I’m stressing out about the diet stuff with my kids. I go back and forth, constantly wavering. My thinking goes something like this: I’ll do the no-additives diet, that is the least restrictive one, it will just require I plan better and spend more money. But how will I explain it to the grandparents? What if they think it’s a hoax? What if they don’t even try to follow it? What if they do but mess up? What if she eats other food at school? How can I even manage this, the supposedly simple one? Maybe I should do GFCF too? Maybe start it later? But that will be even harder. That will be impossible. And what about supplements. But they cost so much. All of this will cost so much. But what if it makes the difference? But what if it doesn’t?
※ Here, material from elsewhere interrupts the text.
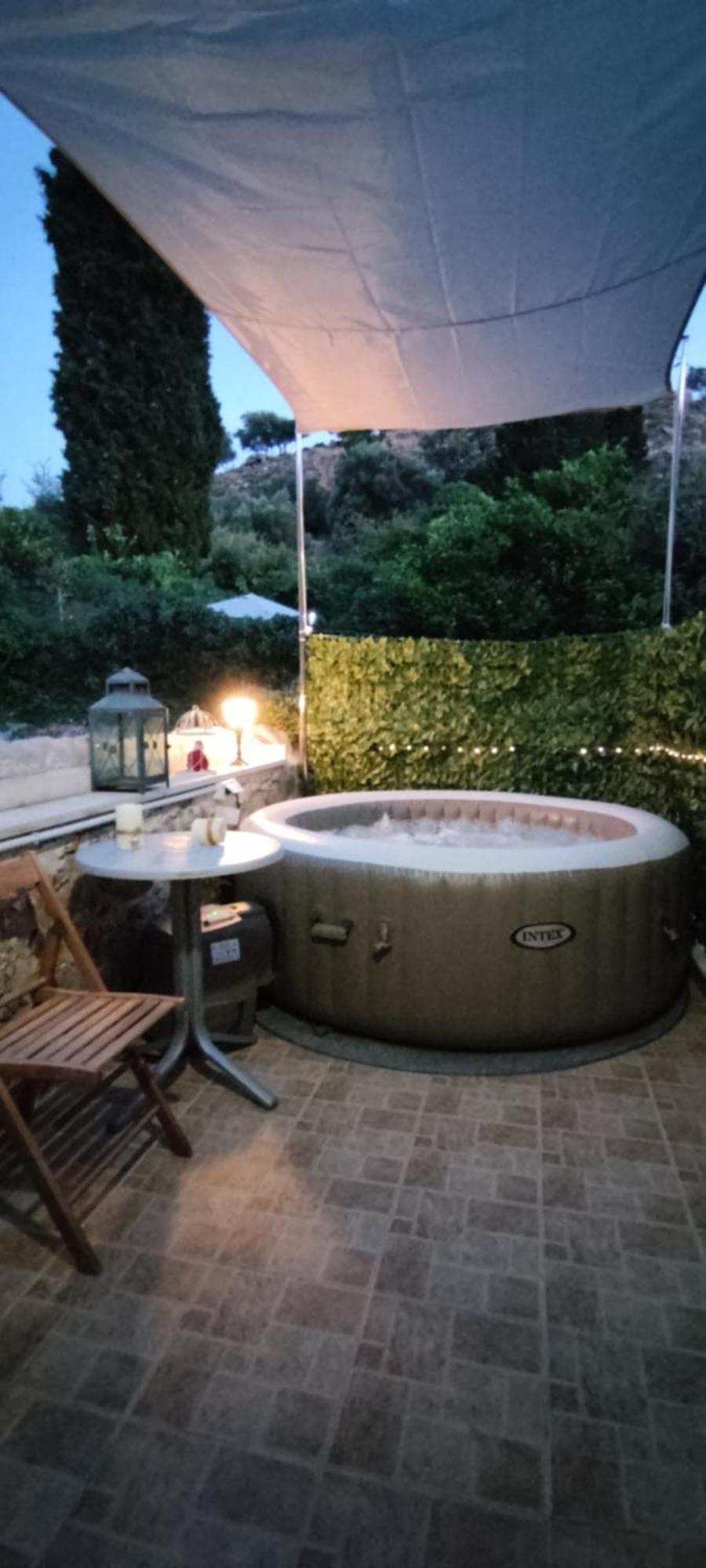 Villa Sofita With Tzakouzi Maroulás Buitenkant foto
It all costs so much, in time, in money, in inconvenience. I don’t want to be “that family,” the one who has to bring their own food to everything because their kids can’t eat what everyone else can. Already, traveling while trying to keep my son on goat’s milk has been frustrating. I’ve had to be “that mom,”–driving three times farther than the nearest grocery to get the weird stuff–and I don’t even know if it’s helping.
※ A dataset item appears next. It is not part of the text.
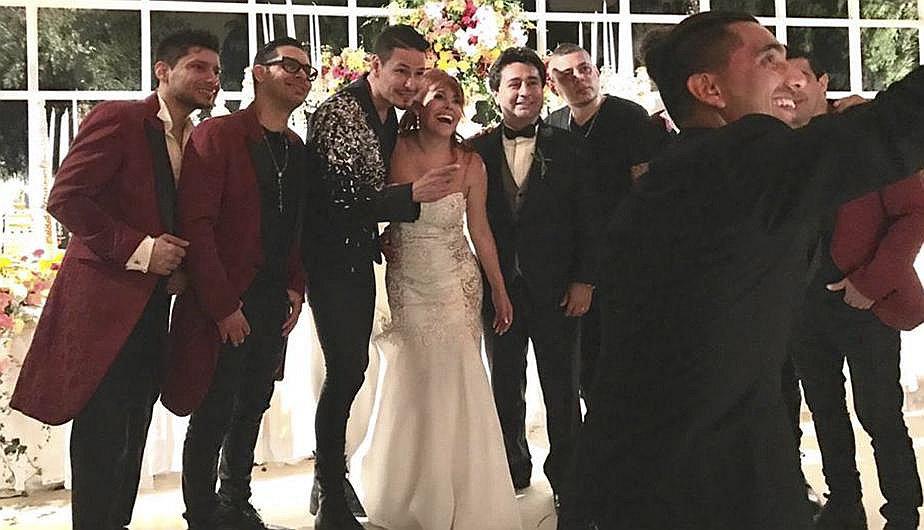 Ráfaga animó la boda ​Magaly Medina y su notario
I just don’t know what to do. I don’t know what the right choice is. My husband thinks the no-additives diet is dubious. Is it scientifically proven? Well, no, you can’t have double blind studies that determine the efficacy of these kinds of diets. Obviously the parents that are feeding their kids certain foods know which group they are in, and there is no way to ensure that the elimination diet group actually eliminates the restricted foods. It’s really hard to test in the way other things are tested.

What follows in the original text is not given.